He must not consider, like Bhutto, that the seat he sits on secures him. He must come out of the Presidency, for if he thinks it is a castle, he must know that it is built on foundations of sand. He must go to the people and seek a fresh mandate on the simple question as to who possesses the right to govern this country: the people or the clerics and their allied network.

In a personal meeting recently I heard from a PPP MNA, a close associate of Zardari, that when party members come to him with long faces, frightened by the rising dangers to their power, he raises their spirits in no time and they leave happily, saying, “He is all right, he says all is well and there is nothing to fear as long as we stand united.” He enjoys the reputation of being a brave man among his party cadre. But Bhutto was no less a brave man; in the end, he said to his executioner: “Make it quick.”

The truth is that it is only the people of Pakistan who can save Zardari if he opts to come out to them. He must rally the enlightened intelligentsia of the country around him and prepare his party to fight the battle on two fronts. First, that it is the people of Pakistan and their elected representatives who have the sole right to govern their country and not the clerics, and second, that the view of Islam and shariah as propagated by the clerics is a tendentious, obscurantist view that conflicts with the teachings of the Quran and message of Prophet Muhammad (PBUH).

On my part, I, a member of the academia in this country, can offer support on the second front. And I will conclude this brief letter with two questions. First, the clerics claim their authority higher than the people’s legislature in the name of the divine right of the ulema to guard Islam and the lives of its adherents. Is this right sanctioned in the Quran? The simple answer is no, it contradicts the teaching, even the words of the Quran, and, further, it has no sanction in the history of pre-modern Islamic civilisation. It is simply the other side of the conventional belief in the divinity of kings and the Quran supports neither the one nor the other, for both stand and fall together.

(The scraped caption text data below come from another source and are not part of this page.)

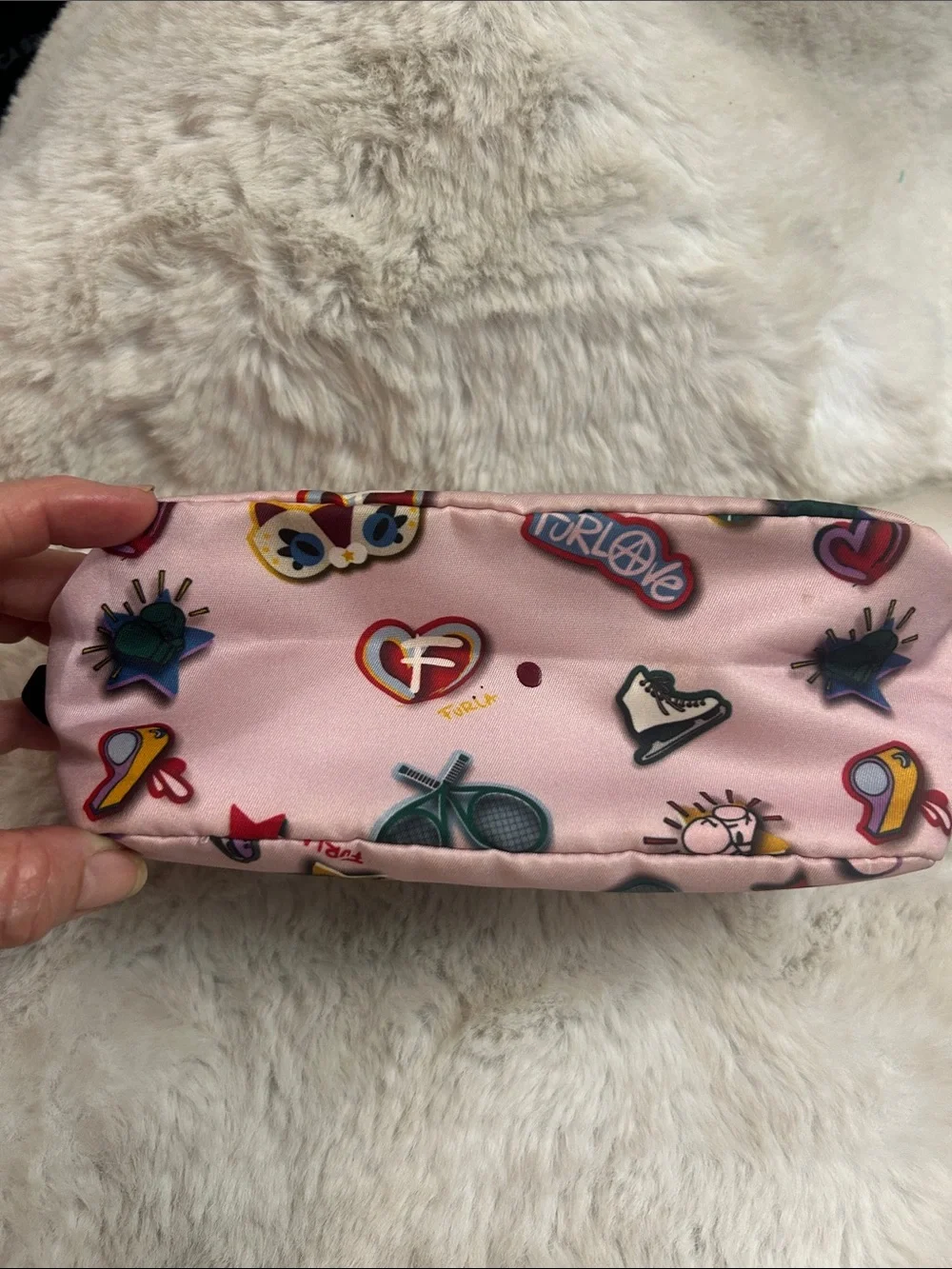 Furla Seasonal pink sticker print canvas clutch, cosmetic bag with mirror/strap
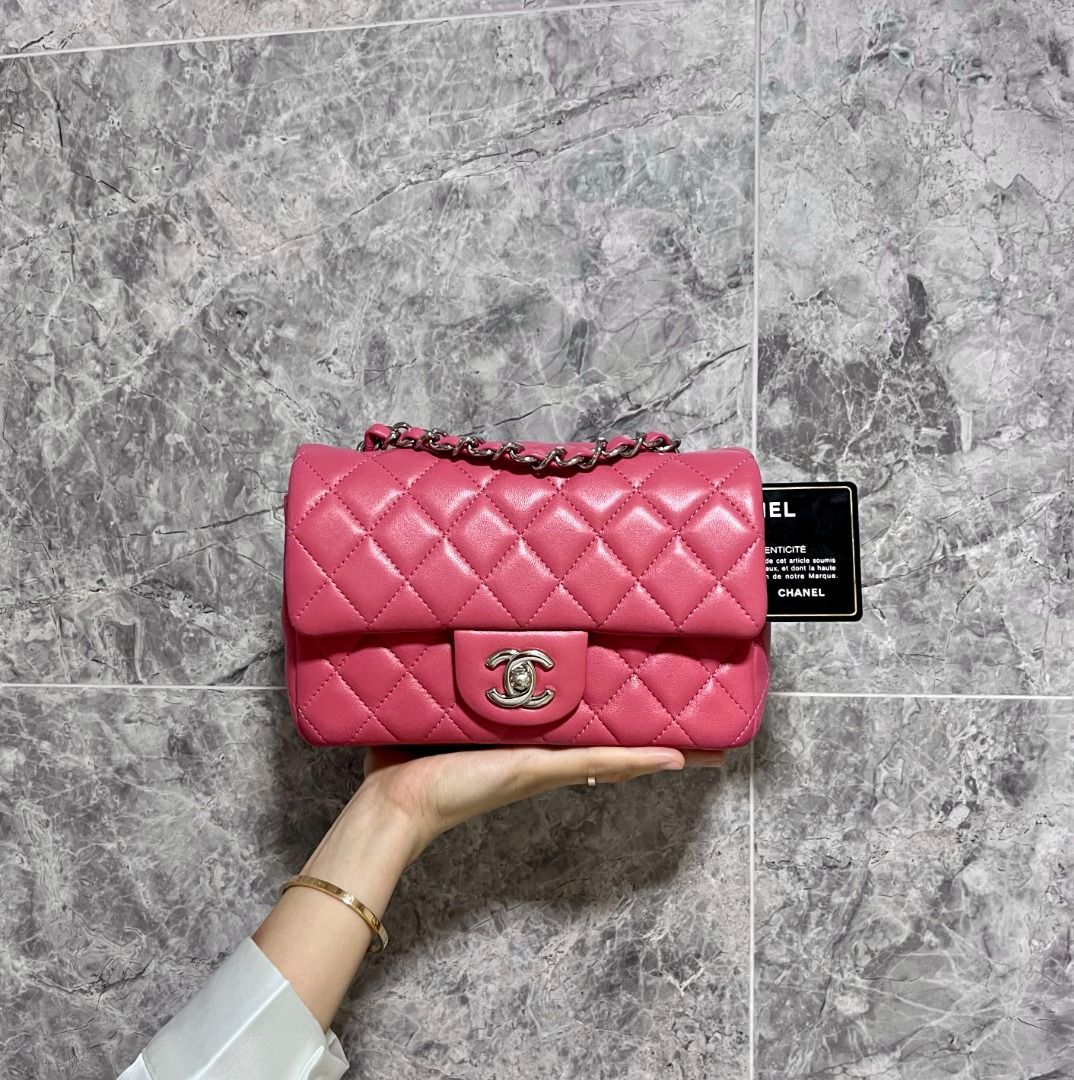 LNIB Chanel Mini Rectangular Classic Flap Sakura Pink SHW No 28 - Luxury Evermore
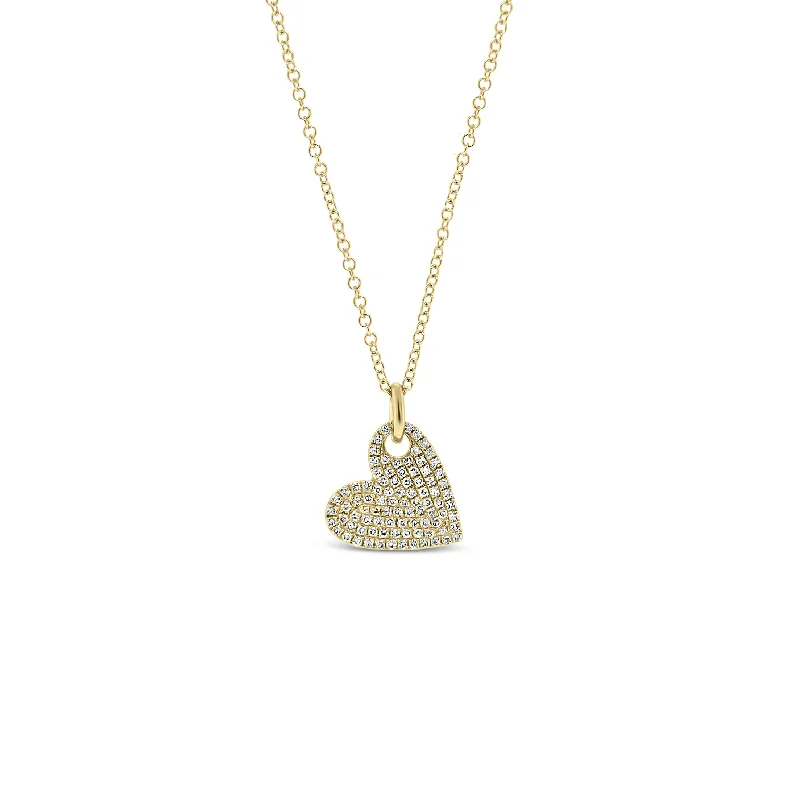 Women’s rose gold necklaces-Diamond Heart Shape Pendant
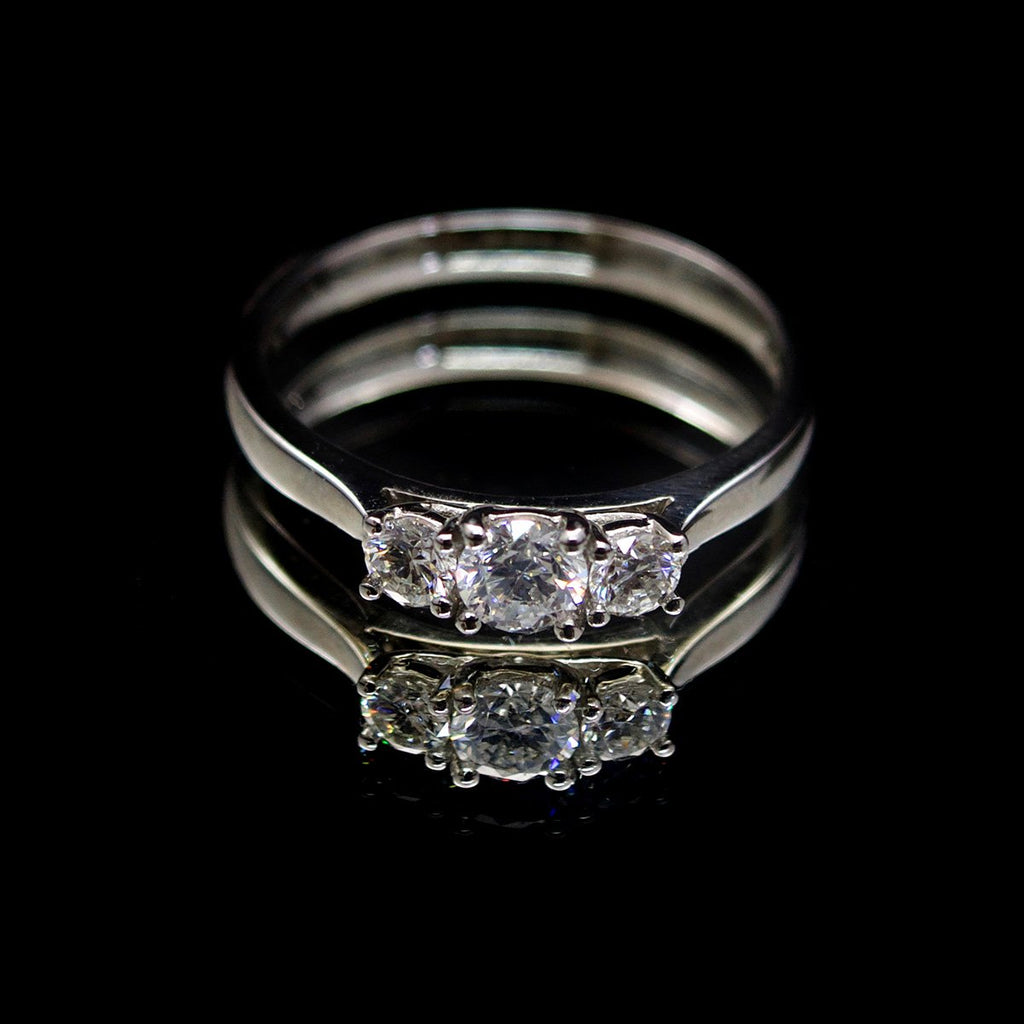 Platinum Trilogy Diamond Engagement Ring, sold at Nouveau Jewellers in Manchester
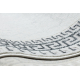 Carpet, runner ALLURE 1960 Greek key, frame - Structural, stylish, glamour white / grey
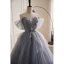 Chic / Belle Argenté Gris Perlage Perle Paillettes Appliques Plissée Robe De Bal 2023 Robe Boule De l'épaule Sans Manches Dos Nu Train De Balayage Promo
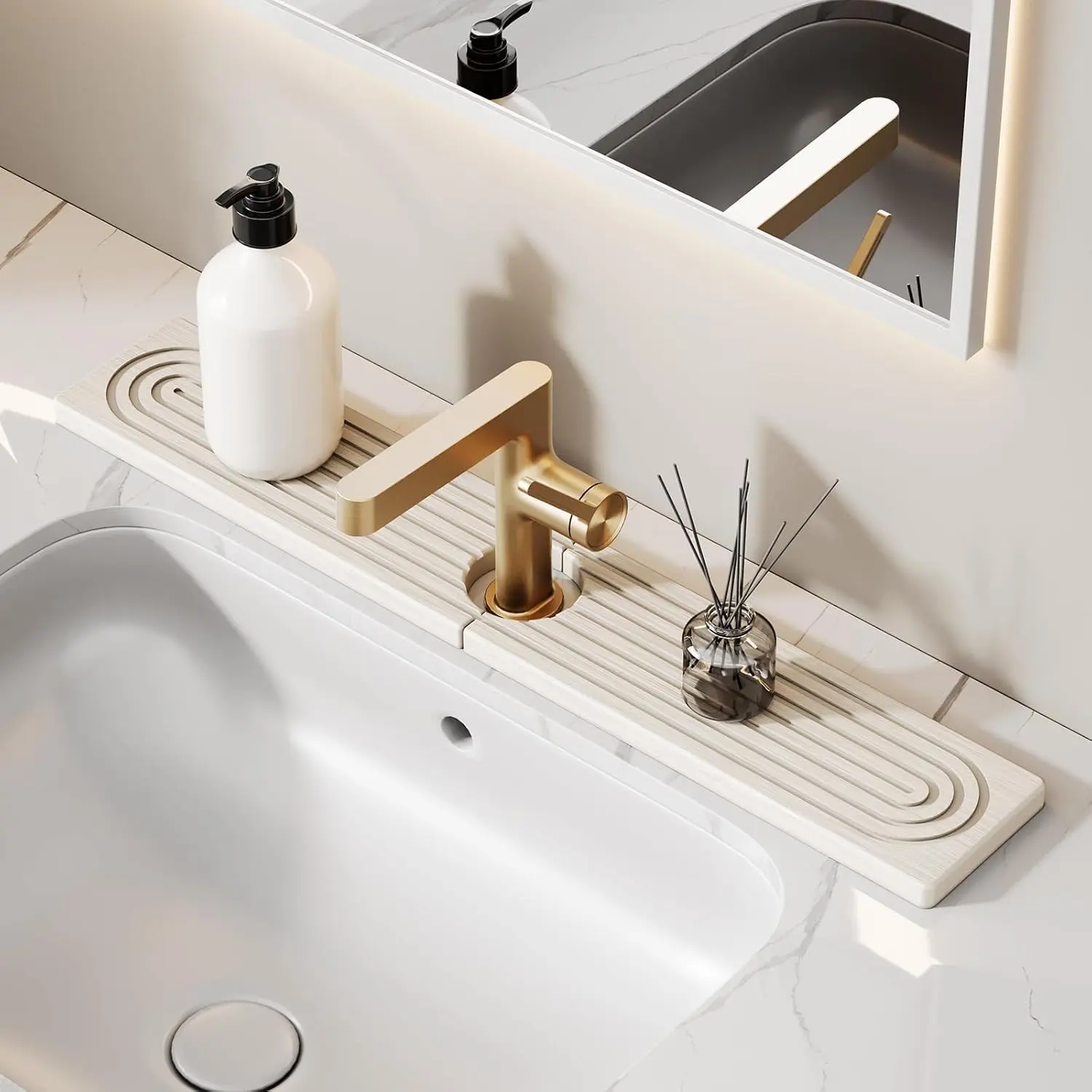 23.6 Inch Stone Faucet Mat for Kitchen Sink Splash Guard - Diatomite Quick Dry Stone Mat Kitchen Sink Protectors, Water-Absorbent Faucet Handle Drip Tray(White, 23.6" x 3.9")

There is an important concept of asbab an-nazul (the reasons or causes behind the revelation of the verses of the Quran) employed in the exegesis of the Quran, which helps us understand the answer just given. Extending this concept, we must ask what the reasons of the descent of the Quran itself were and the institution of a separate religion other than Judaism and Christianity whose texts it affirmed again and again. One of the chief reasons was the institution of priesthood in both Judaism and Christianity that claimed a position between the believers and God and thereby claimed the right to control the whole mental and practical life of the believers. In the new dialectic between the individual and community that the Quran developed, each and every individual stood face to face with God while the right to legislate was invested in the community. It is clear then that the divine sanction of the clerical authority derives from Jewish and Christian influences and is therefore un-Islamic, for it is completely rejected by the Quran.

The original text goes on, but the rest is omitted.